The metric to actually watch
Better than "% coverage": is the BUSINESS-CRITICAL code well tested? A 75% suite with great tests on the payment logic beats a 95% suite that mostly covers getters and __repr__.
Worked Example · Triage by Risk
12 minModule Current Risk if wrong Target Priority payments.py 60% money lost 95% 🔴 do first auth.py 70% security breach 95% 🔴 do first order_logic.py 80% wrong orders 90% 🟡 next ui_helpers.py 40% cosmetic glitch 60% 🟢 later __repr__ / logging 0% nothing skip ⚪ ignore
# focus the gate where it matters, not a blanket number: # tests/conftest.py or CI step could enforce per-module bars. # pragmatically: a global floor + manual focus on the red rows. # mark the truly-untestable: def __repr__(self): # pragma: no cover return f"<Order {self.id}>"
Read the diff
Instead of "get everything to 90%", you triage: payments and auth get the most tests because a bug there is catastrophic; UI helpers can wait; __repr__ is skipped entirely.
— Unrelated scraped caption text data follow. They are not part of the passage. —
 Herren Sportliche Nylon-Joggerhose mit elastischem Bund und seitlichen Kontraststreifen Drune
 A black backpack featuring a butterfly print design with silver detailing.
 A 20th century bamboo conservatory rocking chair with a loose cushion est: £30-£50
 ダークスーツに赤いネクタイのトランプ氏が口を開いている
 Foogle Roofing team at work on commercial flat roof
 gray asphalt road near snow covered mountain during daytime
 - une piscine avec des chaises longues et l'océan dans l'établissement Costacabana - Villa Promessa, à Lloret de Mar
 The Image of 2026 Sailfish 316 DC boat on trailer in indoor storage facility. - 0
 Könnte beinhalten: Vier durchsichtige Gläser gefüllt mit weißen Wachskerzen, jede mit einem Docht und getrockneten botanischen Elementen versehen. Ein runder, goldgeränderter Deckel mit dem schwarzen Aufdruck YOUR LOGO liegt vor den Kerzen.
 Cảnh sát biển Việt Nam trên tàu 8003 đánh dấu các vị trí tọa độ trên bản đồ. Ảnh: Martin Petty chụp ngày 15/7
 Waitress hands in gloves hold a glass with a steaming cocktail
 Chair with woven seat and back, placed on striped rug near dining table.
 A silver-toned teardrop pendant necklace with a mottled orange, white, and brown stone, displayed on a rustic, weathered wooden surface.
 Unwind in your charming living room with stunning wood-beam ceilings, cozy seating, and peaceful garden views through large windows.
The headline number might be 82%, but the right 82% — the dangerous code is at 95%. That judgement is what separates a tester from a number-chaser.
Try It Yourself
13 minFor a project, list each module and rate "risk if it's wrong" (low/med/high). Assign each a sensible coverage target.
Add exclude_lines for __repr__, __main__, and any NotImplementedError. Re-measure — does your "real" coverage number change?
Audit your own suite: is any test running lines without asserting anything? Add assertions so the coverage is honest.
Mini-Challenge · A Coverage Policy
8 minWrite a one-page "coverage policy" for a team: the global floor, higher bars for critical modules, what's excluded and why, and the rule that "coverage must come with assertions". This is a real document teams maintain.
Show an example policy
COVERAGE POLICY - Global floor: 80% branch coverage; CI fails below it. - Critical modules (payments, auth, security): 95%+ required, reviewed. - Excluded: __repr__, __main__ blocks, defensive NotImplementedError. - Every covered line must have a meaningful assertion somewhere (no assertion-free "coverage theatre"). - New code may not lower the global number (coverage diff in PRs).
Non-negotiables: a floor, a higher critical-code bar, an exclusion list, and the no-theatre rule. Numbers serve quality, not the reverse.
Recap
3 minCoverage has diminishing returns: 100% is usually wasteful and tempts assertion-free "theatre"; 0% is negligent. Pick a target by risk — 80-90% typical, 95%+ for critical code, low or skipped for trivial code. Exclude genuinely-untestable lines. The real goal: the dangerous code is well tested, with real assertions. Next: TDD — writing the test first.
Vocabulary Card
- diminishing returns
- Each extra coverage percent costs more for less benefit.
- coverage theatre
- Tests that execute lines without asserting anything — fake coverage.
- pragma: no cover
- Marks a line as intentionally excluded from coverage.
- risk-based testing
- Focusing test effort where a bug would do the most harm.
Homework
4 minWrite a coverage policy for a project of yours: risk-rank the modules, set per-area targets, list exclusions, and audit for coverage theatre. Apply the exclusions and report your "honest" coverage number before and after.
Follow the example policy + triage table. The insight to demonstrate: a slightly lower but honest, well-targeted number beats a high number padded with theatre.